Exercise prompt – Write out exactly, excluding pictures, the lines from the one containing "Alt view image" through the end of the data, both included.

Entries provided –
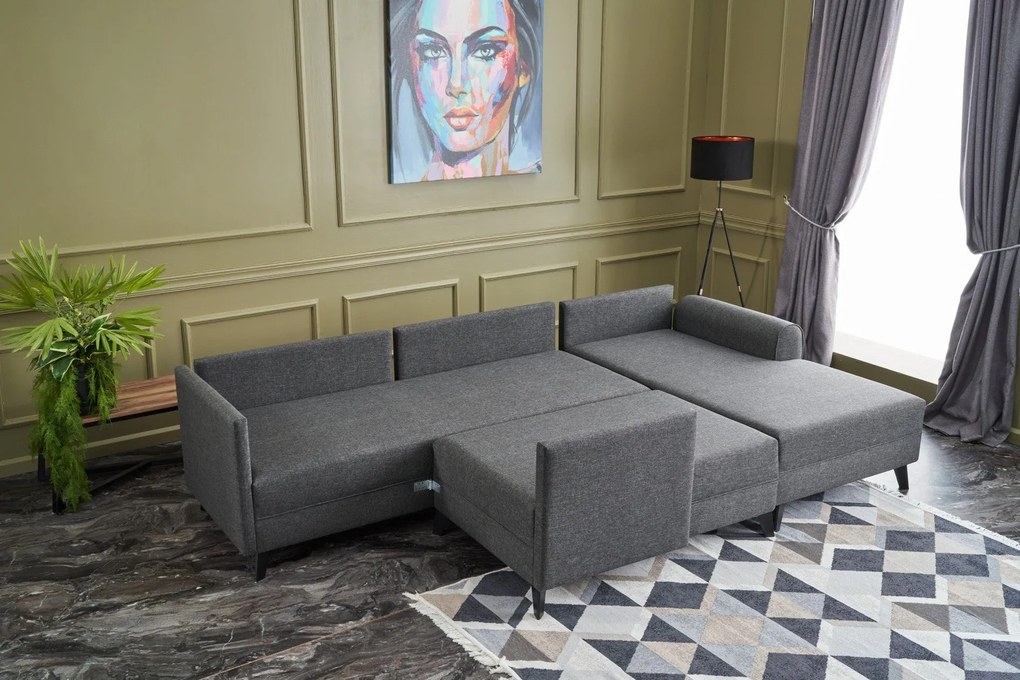 Sofá-Cama de Canto Belen – Antracite – 300x78x202 cm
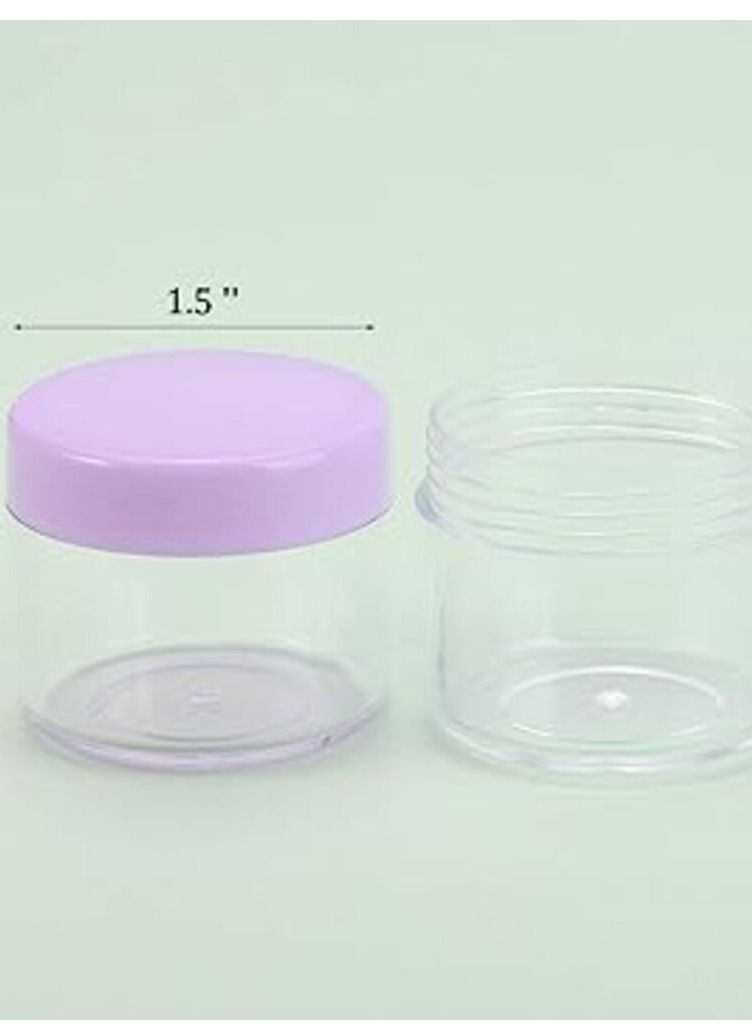 علب تخزين مستحضرات تجميل  للسفر، برطمان عينات بغطاء مقاوم للتسرب بلون موف، بوزن 20 جرام،  مكونة من 25 قطعة - Image 3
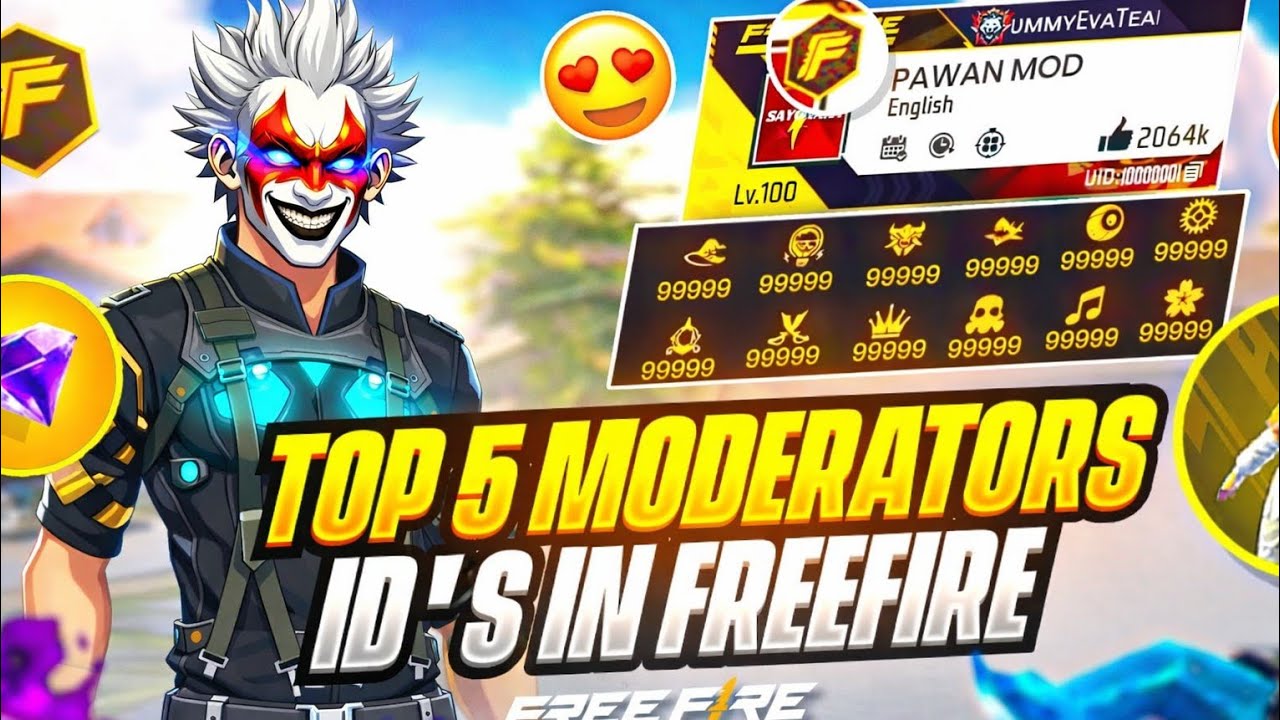 Top 5 Free Fire Moderator IDs 😱 | Real Moderator ID in Free Fire | FF Secret Accounts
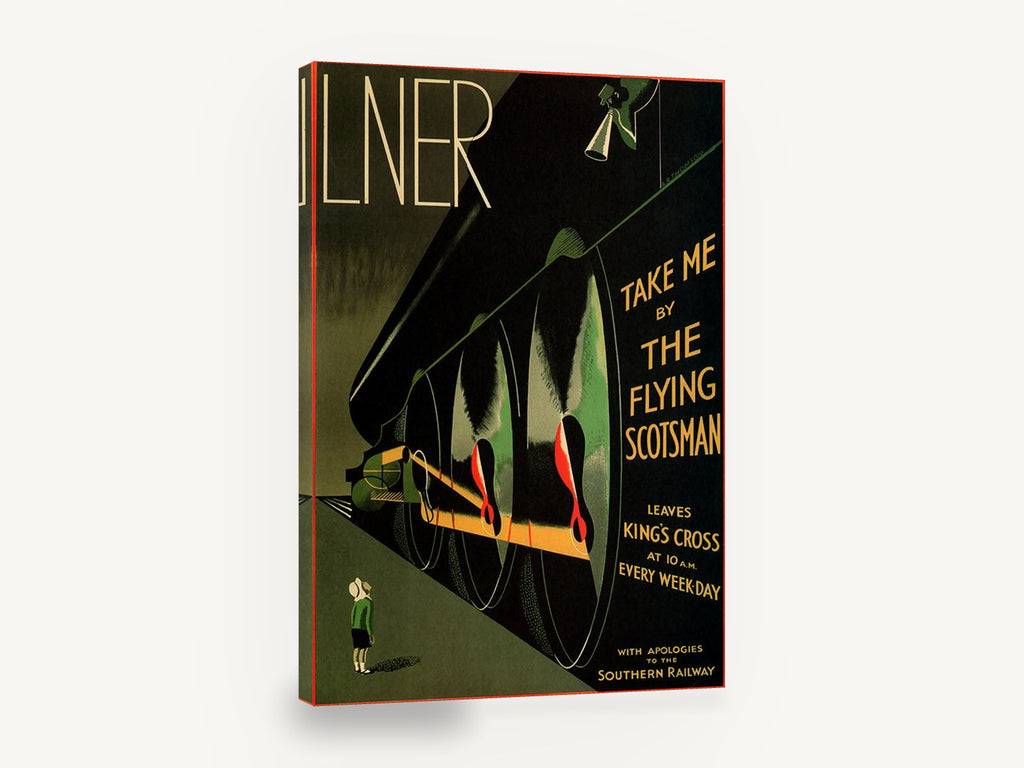 Take Me By Flying Scotsman, retro flying scotsman railway poster, stretched canvas wall art print ready to hang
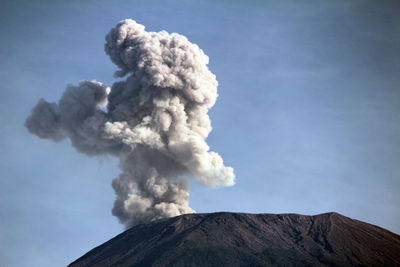 Smoke emitting from volcanic mountain against sky - mout slamet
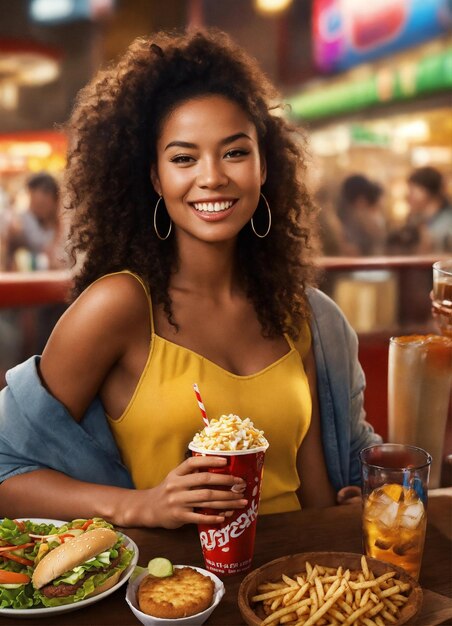 Foto chica negra con comida rápida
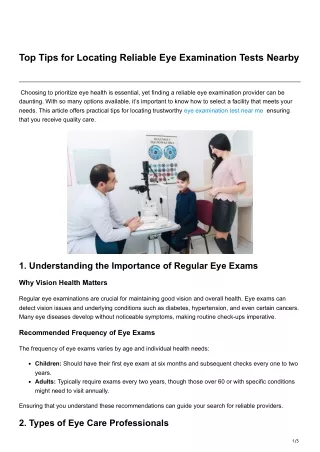 top tips for locating reliable eye examination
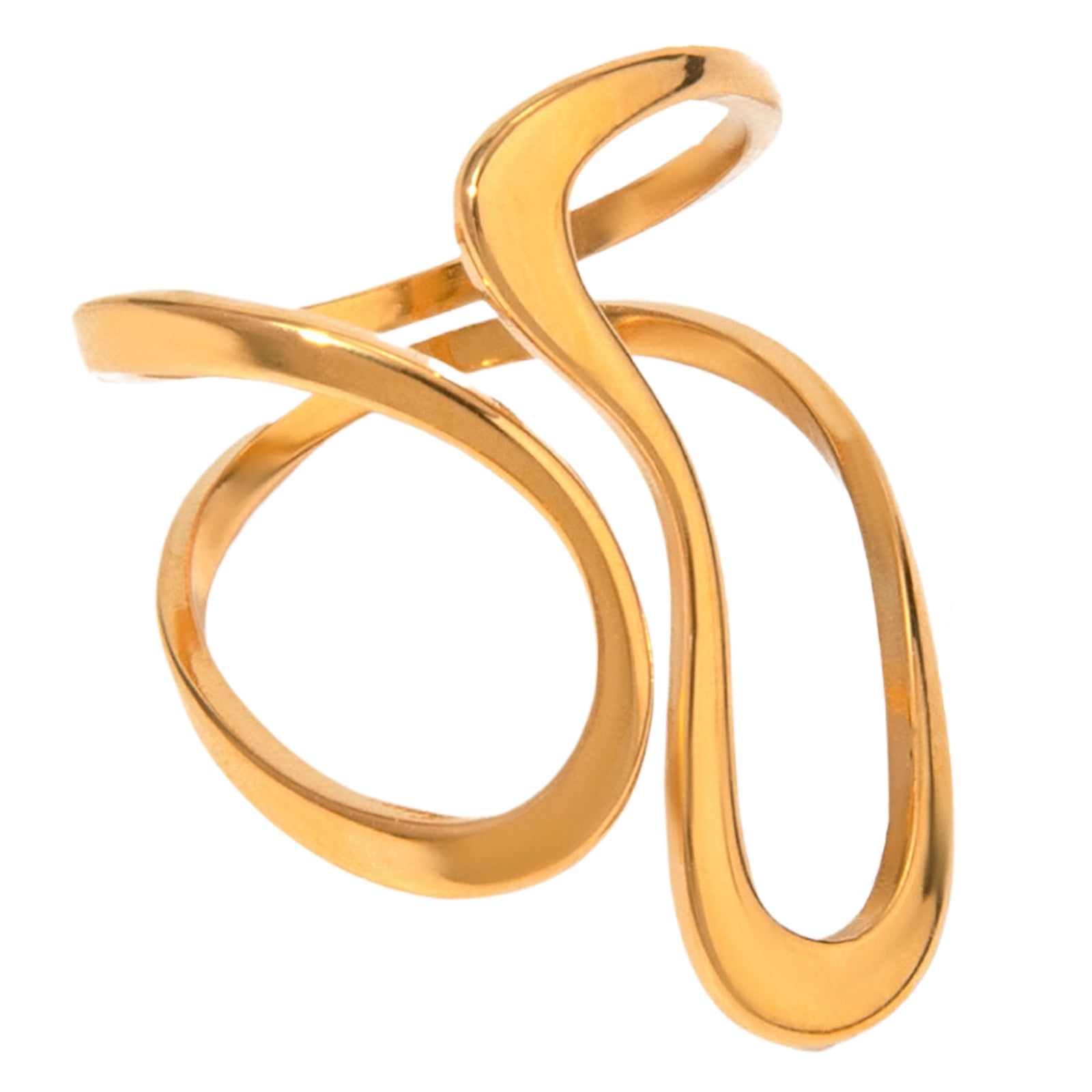 Simple Irregular Rings Adjustable Exaggerated Opening Rings Stainless ...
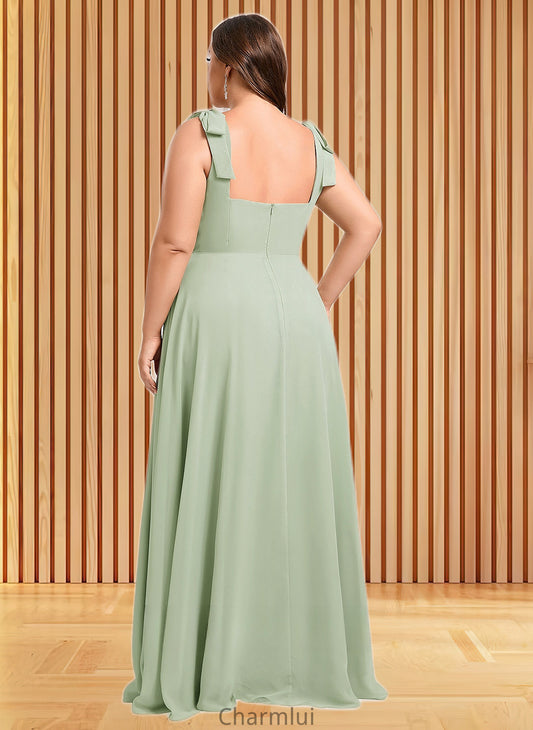 Abbey A-line Square Floor-Length Chiffon Prom Dresses With Bow DYP0025876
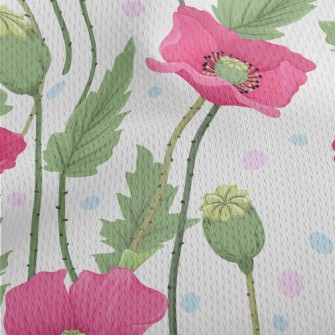 Poppies Blooming Everywhere Athletic Mesh Flat Back
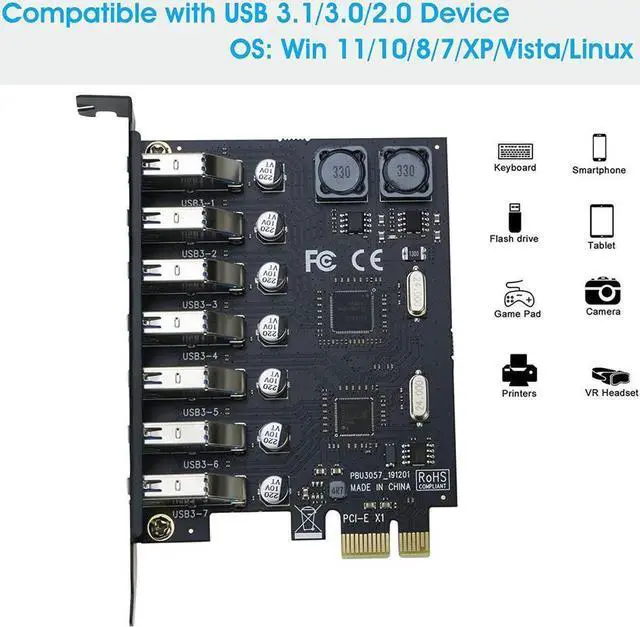 Alt view image 5 of 7 - BONAEVER USB 3.0 PCI-e Expansion Card 7 Port RIITOP PCI-e x1 to USB 3.0 HUB Adapter 5Gbps (No Power Need)
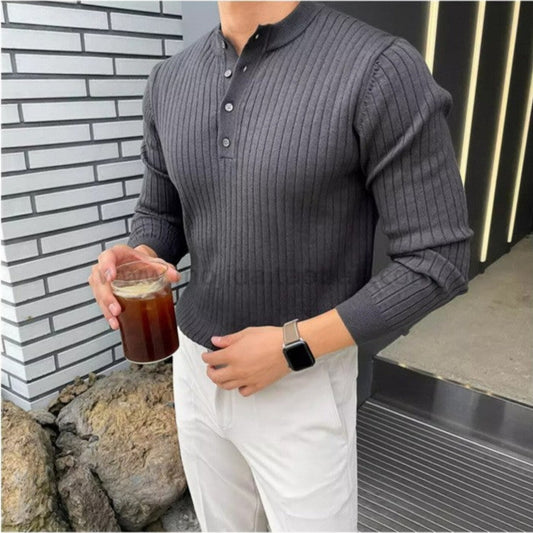 Men's Stylish White Ribbed Henley Sweater for Casual Elegance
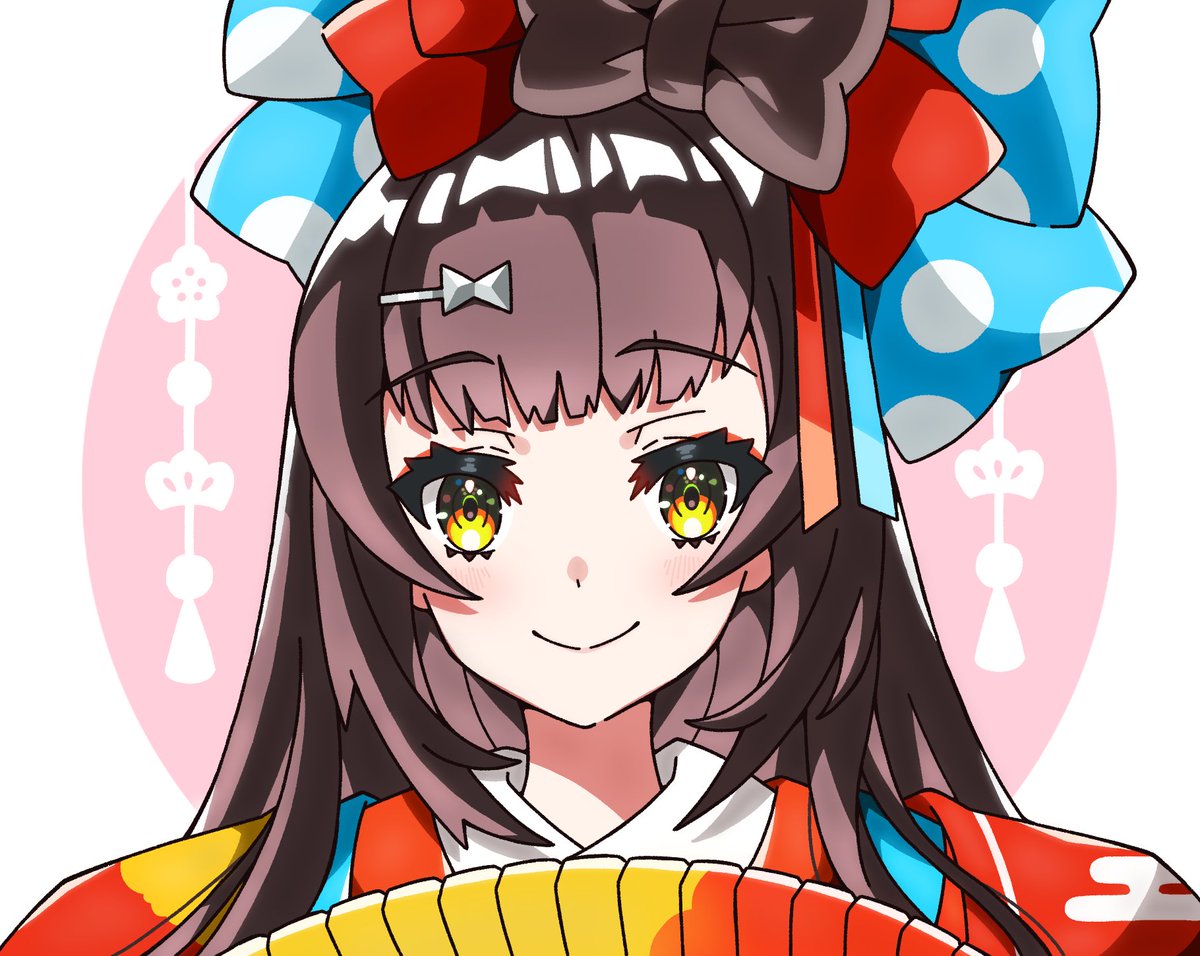 1girl animal ears japanese clothes long hair solo kimono bow  illustration images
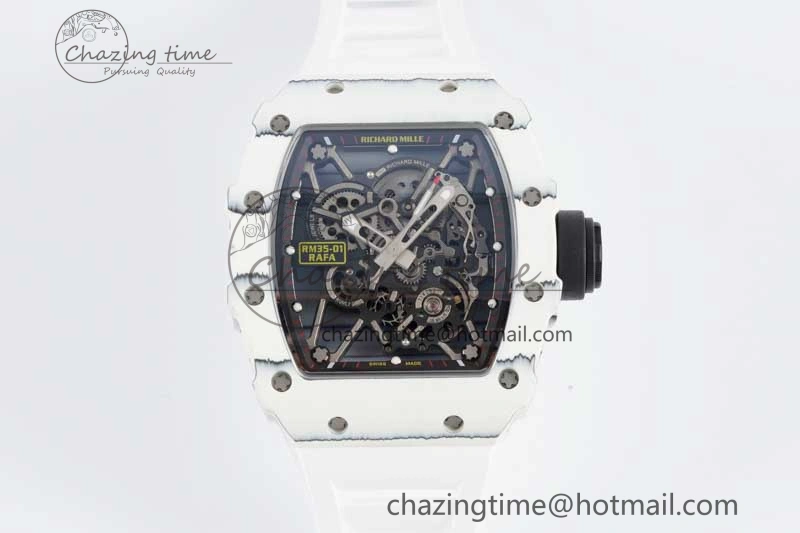 RM035 White Carbon SONIC Best Edition Skeleton Dial on White Rubber Strap Clone RMUL2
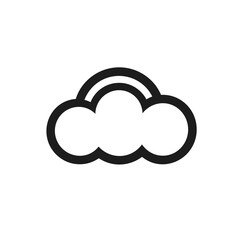 Cloud solutions for business monochrome line logo. Collaboration business value. Cloud simple icon. Design element. Created with artificial intelligence. Ai art for corporate branding, website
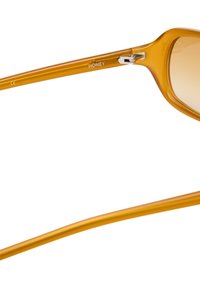 Orange Sonnenbrille mit glänzender Oberfläche, rechteckigem Rahmen und silbernem Scharnierdetail. Mit dem Schriftzug 'HONEY' auf dem Bügel graviert. Leicht getönte Gläser.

Completed exercise –
 Alt view image 5 of 7 - BONAEVER USB 3.0 PCI-e Expansion Card 7 Port RIITOP PCI-e x1 to USB 3.0 HUB Adapter 5Gbps (No Power Need)
 Men's Stylish White Ribbed Henley Sweater for Casual Elegance
 1girl animal ears japanese clothes long hair solo kimono bow  illustration images
 RM035 White Carbon SONIC Best Edition Skeleton Dial on White Rubber Strap Clone RMUL2
 Cloud solutions for business monochrome line logo. Collaboration business value. Cloud simple icon. Design element. Created with artificial intelligence. Ai art for corporate branding, website
 Orange Sonnenbrille mit glänzender Oberfläche, rechteckigem Rahmen und silbernem Scharnierdetail. Mit dem Schriftzug 'HONEY' auf dem Bügel graviert. Leicht getönte Gläser.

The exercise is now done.